By William Rex, Senior Advisor, IWMI
The first blog in this series ended by noting:
“The finite nature of water resources is a key driver of the need for improved water resource management but is relatively intuitive: scarce public goods require effective management. But there are other aspects of water resource management that become less intuitive, particularly in comparison to land, forestry, or other types of landscape management. The problem is that water moves, and actions at one time or place affect water in another. This is a problem that we will discuss in the next part of this blog.”
Imagine managing a forest and discovering that if someone cuts down their trees 1,000 km away, your trees disappear too. You’d either give up on your forest or decide that you need to not only focus on what you do with your trees, but how to cooperate with multiple other stakeholders in multiple other places. Welcome to the world of water resource management.

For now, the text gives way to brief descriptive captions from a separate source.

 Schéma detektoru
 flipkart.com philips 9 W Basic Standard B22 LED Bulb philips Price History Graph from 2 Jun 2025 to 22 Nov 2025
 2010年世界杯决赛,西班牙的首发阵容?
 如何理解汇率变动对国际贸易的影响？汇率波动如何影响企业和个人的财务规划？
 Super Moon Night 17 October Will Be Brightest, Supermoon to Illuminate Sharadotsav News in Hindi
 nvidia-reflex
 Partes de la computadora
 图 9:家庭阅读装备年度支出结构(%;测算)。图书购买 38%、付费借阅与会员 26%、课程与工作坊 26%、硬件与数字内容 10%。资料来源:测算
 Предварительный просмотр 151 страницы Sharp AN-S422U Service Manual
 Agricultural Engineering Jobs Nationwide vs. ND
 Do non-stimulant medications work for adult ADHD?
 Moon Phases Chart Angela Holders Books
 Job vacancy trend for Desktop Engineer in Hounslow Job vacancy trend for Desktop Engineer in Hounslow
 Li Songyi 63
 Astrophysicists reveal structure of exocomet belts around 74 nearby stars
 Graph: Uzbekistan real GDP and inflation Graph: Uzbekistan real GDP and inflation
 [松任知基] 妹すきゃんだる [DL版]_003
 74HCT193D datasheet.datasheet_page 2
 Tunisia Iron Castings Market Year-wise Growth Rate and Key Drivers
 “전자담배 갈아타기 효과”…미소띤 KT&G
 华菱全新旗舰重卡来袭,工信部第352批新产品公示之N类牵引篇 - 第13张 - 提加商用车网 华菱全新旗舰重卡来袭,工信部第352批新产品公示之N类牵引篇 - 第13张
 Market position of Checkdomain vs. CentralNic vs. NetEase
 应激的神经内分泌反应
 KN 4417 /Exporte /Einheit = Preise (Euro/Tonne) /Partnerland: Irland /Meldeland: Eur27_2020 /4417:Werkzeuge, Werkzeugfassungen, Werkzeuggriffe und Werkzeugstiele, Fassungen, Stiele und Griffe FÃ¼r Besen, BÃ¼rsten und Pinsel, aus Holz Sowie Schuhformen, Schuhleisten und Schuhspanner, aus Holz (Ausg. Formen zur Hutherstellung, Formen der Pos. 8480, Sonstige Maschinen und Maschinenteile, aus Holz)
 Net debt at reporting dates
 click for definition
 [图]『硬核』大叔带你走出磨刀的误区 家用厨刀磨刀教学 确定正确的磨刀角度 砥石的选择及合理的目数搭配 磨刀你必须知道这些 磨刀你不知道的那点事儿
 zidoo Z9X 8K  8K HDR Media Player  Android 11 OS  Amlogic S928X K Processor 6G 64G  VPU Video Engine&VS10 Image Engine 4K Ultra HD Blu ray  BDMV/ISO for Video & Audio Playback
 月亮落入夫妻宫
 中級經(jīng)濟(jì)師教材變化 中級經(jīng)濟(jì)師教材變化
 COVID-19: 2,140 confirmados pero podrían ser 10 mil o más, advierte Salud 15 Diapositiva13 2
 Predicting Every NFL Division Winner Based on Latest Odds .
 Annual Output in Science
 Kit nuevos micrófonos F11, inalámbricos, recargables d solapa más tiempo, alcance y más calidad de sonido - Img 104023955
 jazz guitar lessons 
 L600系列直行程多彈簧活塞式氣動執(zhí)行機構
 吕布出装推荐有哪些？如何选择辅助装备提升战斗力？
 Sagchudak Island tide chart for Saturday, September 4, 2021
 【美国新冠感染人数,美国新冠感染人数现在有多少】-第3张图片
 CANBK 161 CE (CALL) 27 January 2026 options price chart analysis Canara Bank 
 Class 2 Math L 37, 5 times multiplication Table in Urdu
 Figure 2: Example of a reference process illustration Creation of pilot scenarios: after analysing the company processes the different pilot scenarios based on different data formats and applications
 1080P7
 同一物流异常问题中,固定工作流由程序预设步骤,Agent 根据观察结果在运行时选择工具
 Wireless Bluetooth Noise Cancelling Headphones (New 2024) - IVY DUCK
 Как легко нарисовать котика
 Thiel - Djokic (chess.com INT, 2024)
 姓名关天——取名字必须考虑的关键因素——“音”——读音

The fact that water moves is obvious, but the ramifications of this are worth exploring further. As a starting point, water is part of a huge system that is dispersed in terms of place but also in terms of time – it never stands still. And any attempt to manage it needs to take into account this simple fact – water needs to be managed as a system. Let’s unpack that:
- Water needs to be managed in river basins. Rainfall, snow, and other precipitation ends up flowing into rivers defined by a watershed, or into groundwater aquifers with their own boundaries. The watershed defines the boundaries of a surface hydrological system – a river basin – which is connected. Since water moves through this hydrological system, it generally makes sense to try and manage, or at the very least understand, the system as a whole, which is why hydrologists talk about river basin management (more on that later).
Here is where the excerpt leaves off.